═══ DATA EXTRACT ═══

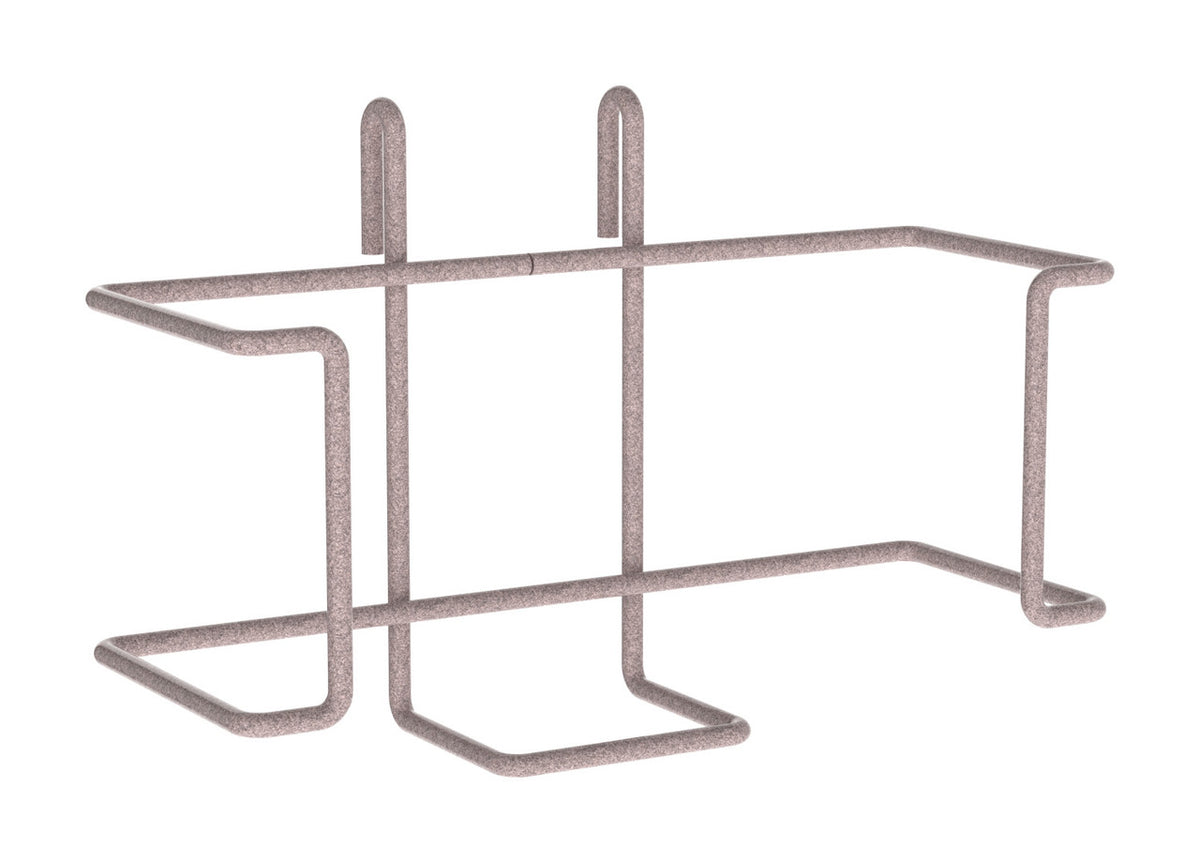 Metro GBHHK4-S Horizontal Single Glove Box Holder for Super Erecta Wire Shelving and SmartWall Wall Shelving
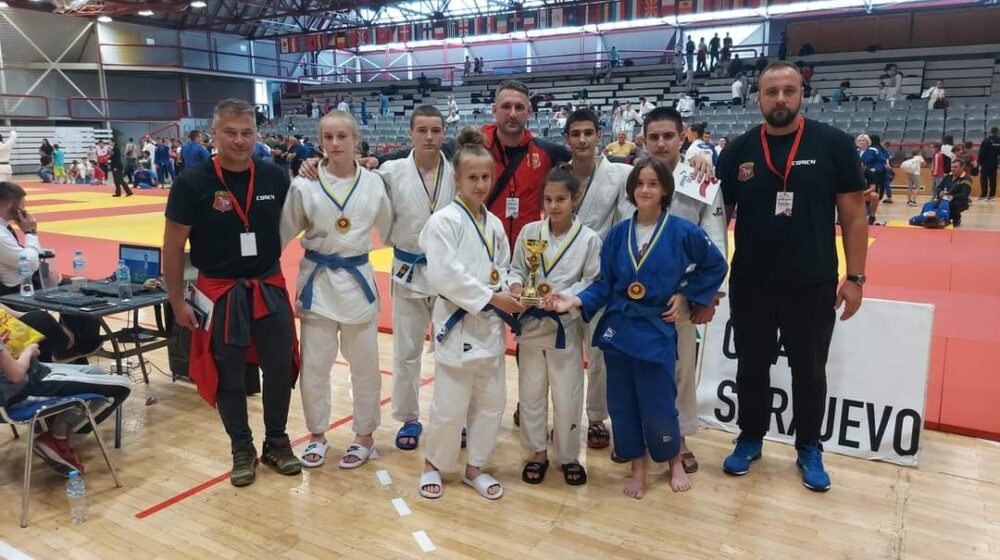 Pet medalja za zrenjaninske džudiste na Kupu Sarajeva 1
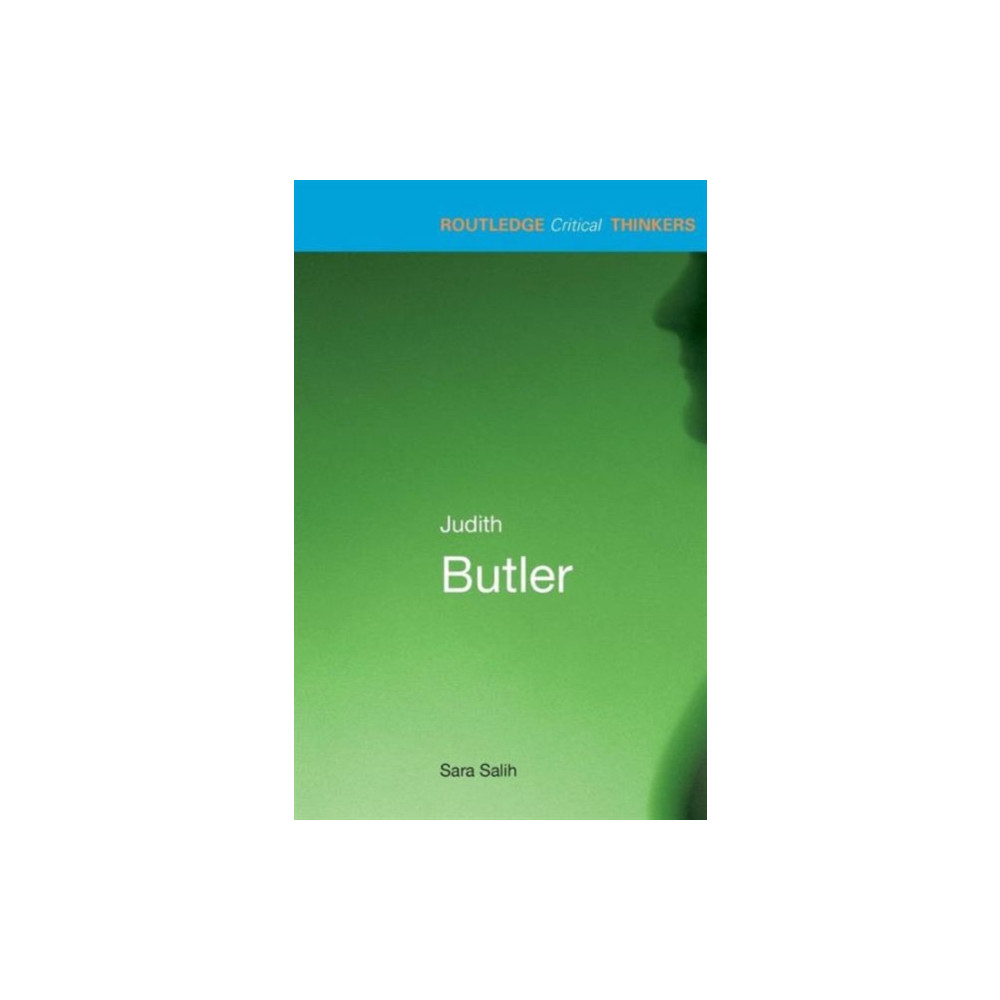 Produktbild för Judith Butler (häftad, eng)
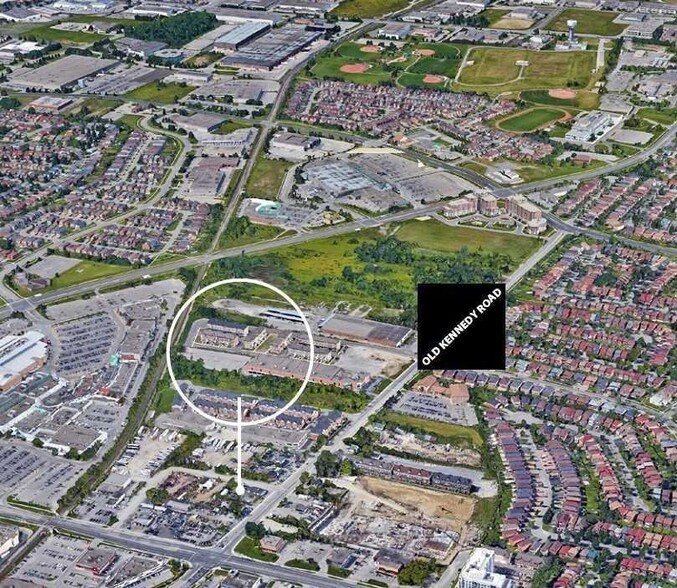 30 Old Kennedy Rd, Markham, ON à louer - Photo de l’immeuble – Image 2 sur 6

═══

_TASK STATEMENT:_
Line by line and exactly, write out the material above. Skip the pictures.

_YOUR SOLUTION:_
 Metro GBHHK4-S Horizontal Single Glove Box Holder for Super Erecta Wire Shelving and SmartWall Wall Shelving
 Pet medalja za zrenjaninske džudiste na Kupu Sarajeva 1
 Produktbild för Judith Butler (häftad, eng)
 30 Old Kennedy Rd, Markham, ON à louer - Photo de l’immeuble – Image 2 sur 6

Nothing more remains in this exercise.